You have a piece of paper. There is a design on the paper. You trace the design onto tracing paper. You now have the same design on a piece of semi-transparent paper. AND? What can you now do with the tracing paper version that you couldn’t do with the original?
Cover the back of the tracing paper with soft pencil shading.
Place face-up on a blank piece of ordinary paper.
Draw over the traced lines again.
The image will now be transferred to the ordinary paper! Ta-daah!
The same things you can do with a photocopy. Before photocopies were invented.
You could use tracing paper to trace the outlines of a photograph so that you can make a drawing from it. Or you may need to copy a diagram, and may not have access to a photocopier.
Listen up, children, to this tale of the olden day.
Pre-xerox, to be specific. The point of the tracing paper was to have another copy of the design that you could do destructive things too and still retain your pristine original.
Some of the things you could do with tracing paper:
Trace the pattern of a quilt block. Then cut the copy into its sub pieces and use them as guides for cutting material.
Trace your design. Then turn the paper over and color the back-side in heavily with a soft lead pencil. Then lay the tracing paper – design side up – on top a hard surface and retrace over the lines heavily. Result: a sort of ‘carbon copy’ of your design on the hard surface. Then you can use the outline to paint a copy of your school’s logo onto your car, for example.

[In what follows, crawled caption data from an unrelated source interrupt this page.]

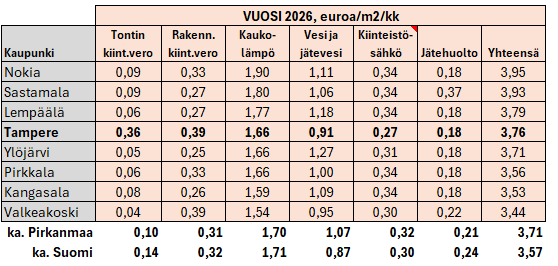 Indeksitalotaulukko -26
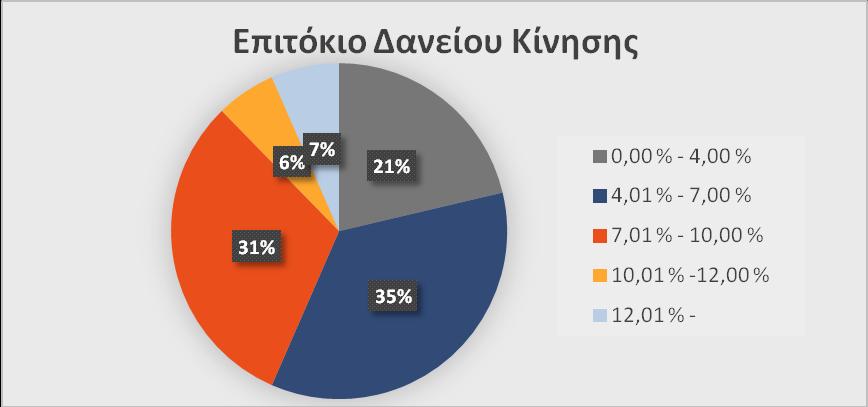 Όμως, στο γράφημα 11, παρατηρούμε τα υψηλά επιτόκια των δανείων κίνησης, που όπως θα δούμε και παρακάτω στην ανάλυση, αποτελούν ανασταλτικό παράγοντα για τη σύναψη νέων δανείων.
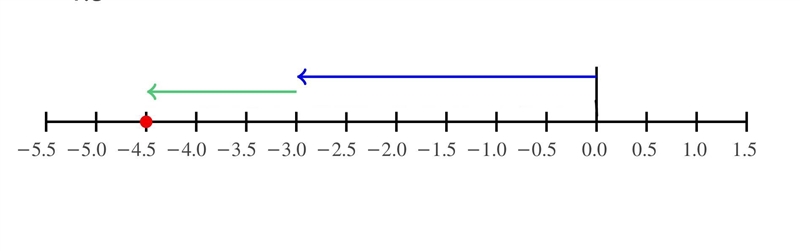 ANSWER ASAP. Which number line correctly shows –3 – 1.5? A number line going from-example-1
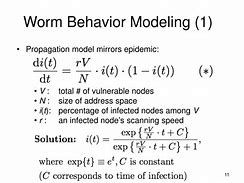 Image result for Worm Behavior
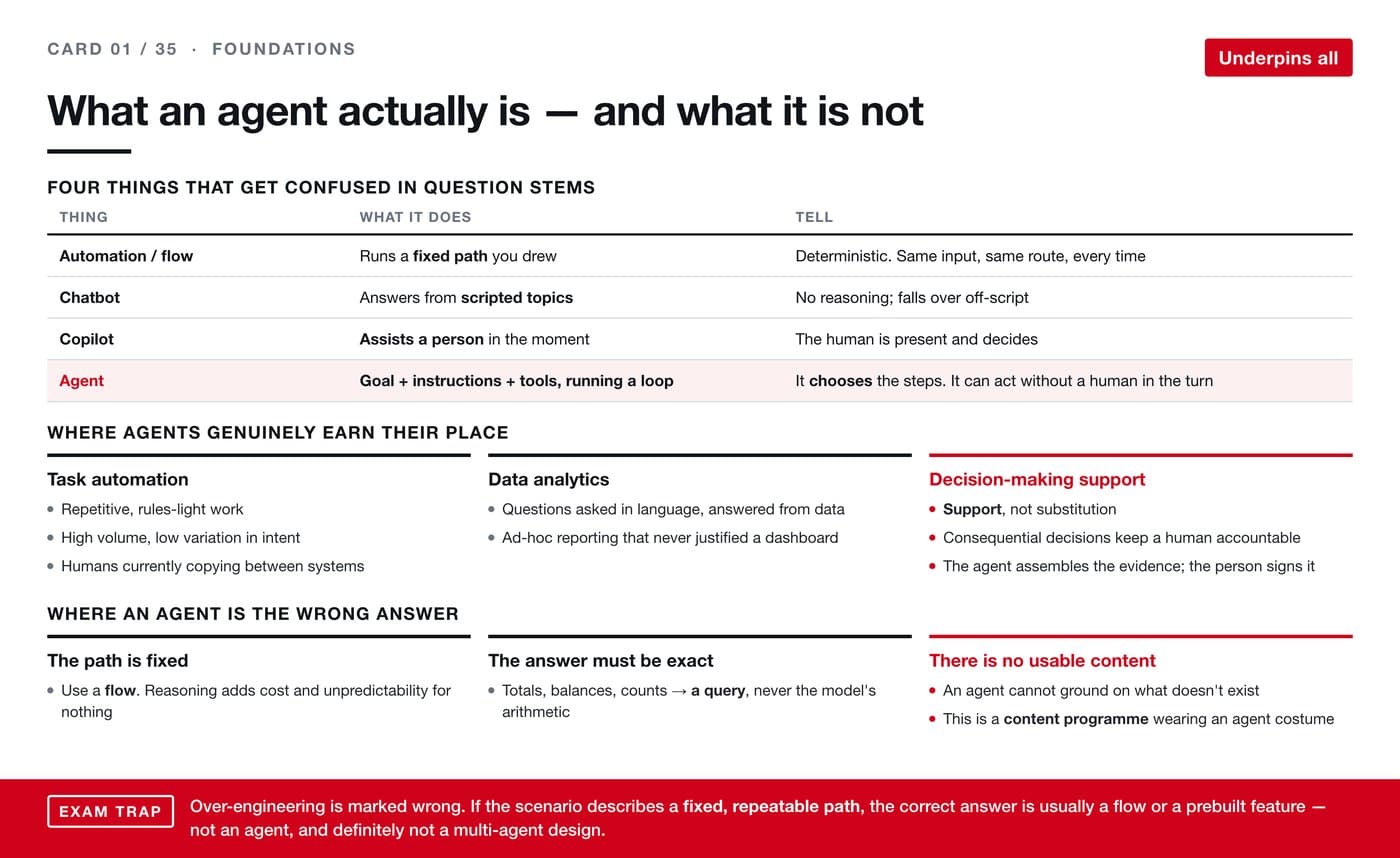AI revision card 01
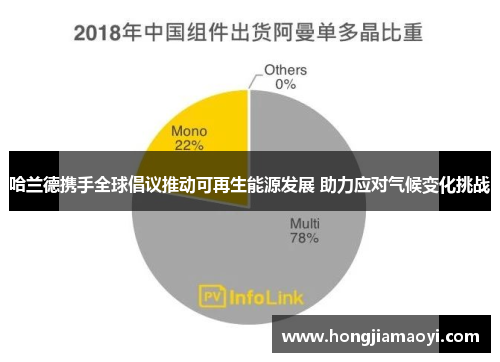 哈兰德携手全球倡议推动可再生能源发展 助力应对气候变化挑战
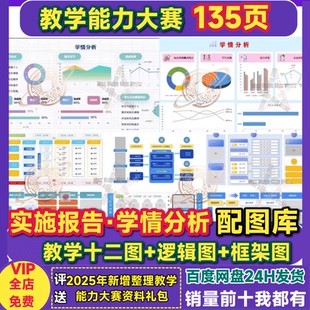 学情分析图表模板 高职业院校教学能力大赛实施报告比赛配图全PPT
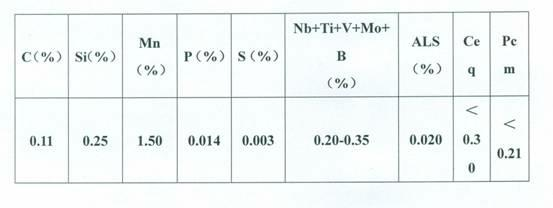 Steel plate made of bainite structure high-strength toughness structural steel Q550D(E) and production method thereof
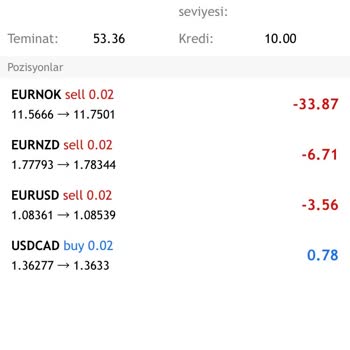 Interfix Global Müşteri Hizmetlerinde Sonra Yaşanan Sorunlar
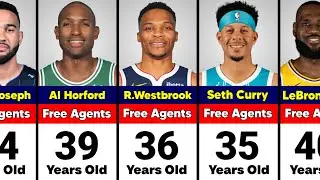 NBA Free Agents 2025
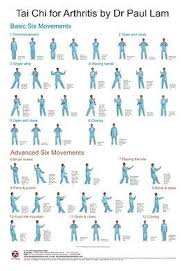 Tai Chi For Arthritis Wall Chart Tai Chi For Beginners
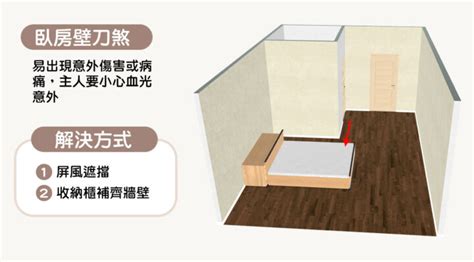 床頭隔牆對馬桶化解|15個全新臥室床位、家具擺設風水禁忌與破解，附科學解釋與圖文。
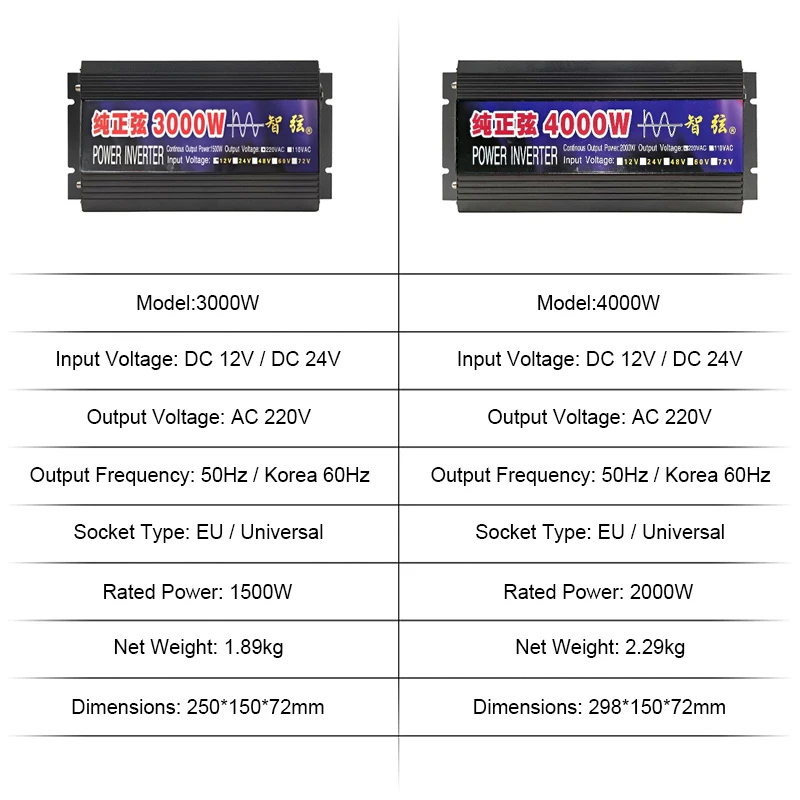 Imagem -05 - Inversor de Onda Senoidal Pura 3000 w 4000 w dc 12 v 24 v para ac 220 v 50 hz 60 hz Conversor de Banco de Potência Portátil Transformador Solar para Carro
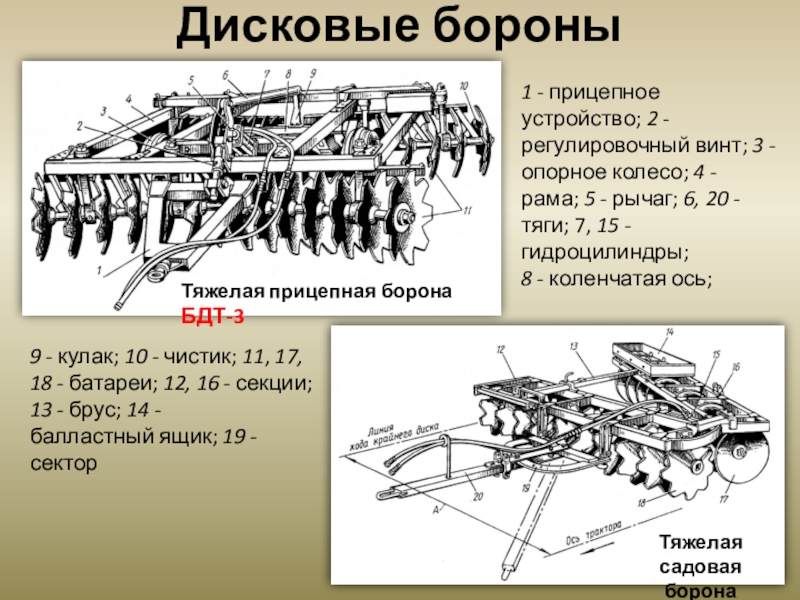 Бдн 3 схема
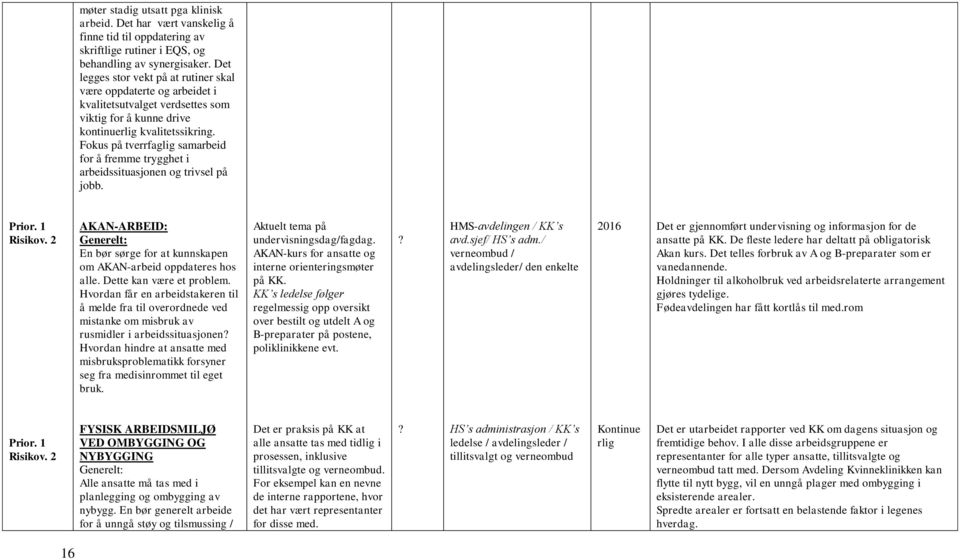 Fokus på tverrfaglig samarbeid for å fremme trygghet i arbeidssituasjonen og trivsel på jobb. Prior. 1 AKAN-ARBEID: Generelt: En bør sørge for at kunnskapen om AKAN-arbeid oppdateres hos alle.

Experiment while creating designs. Say you have the start of one, and like it, but don’t know where to go from there. Lay a piece of tracing paper onto of the design on a light table. Continue your design on the tracing paper. Like the new stuff? Fine. If not, discard that sheet of tracing paper for a new one.
Pretty much all the things I remember ever using tracing paper for can now be done better and faster with xeroxes, carbon paper, computer drawing programs, etc.
It’s also useful for making paper lanterns etc; A while back, I had to make a traditional streetlamp for a theatrical production; I used tracing paper to glaze it, as it’s considerably more durable than greaseproof paper and glass was out of the question.
I still use it for my artwork, Photoshop all you want there’s something about pen and paper that really gets the old creative juices flowing.
Kids today, hrmph.
Several years ago I had this sweatshirt with a really cool Grateful Dead design on it. I had not seen it anywhere but on this shirt. I bought a roll of tracing paper, traced the outline of the design then cut it out of the paper. I carefully traced it onto bristol, inked it the outline and colored the rest with pastels. I framed it and, voila! I had a perfect replica of the image that I could hang on my wall. The shirt is long gone but I still have the art.
Tracing paper was/is also used by artists to copy selected areas of rough sketches, to reposition elements improve compositions, etc. Some of the same things that are done using “layers” in Photoshop.
Animators used is to draw all the in-between sketches to create cartoons. Being able to see several drawings superimposed was extremely helpful.
I also think that architects drawing made with black ink on tracing vellum were used to create blueprints, which are basically negative prints made by shining light through the original drawings.
Please pardon all the screwed up grammar above.
I agree. I’ve seen some incredibly creative talent on photoshop but seeing something done with raw materials really moves me.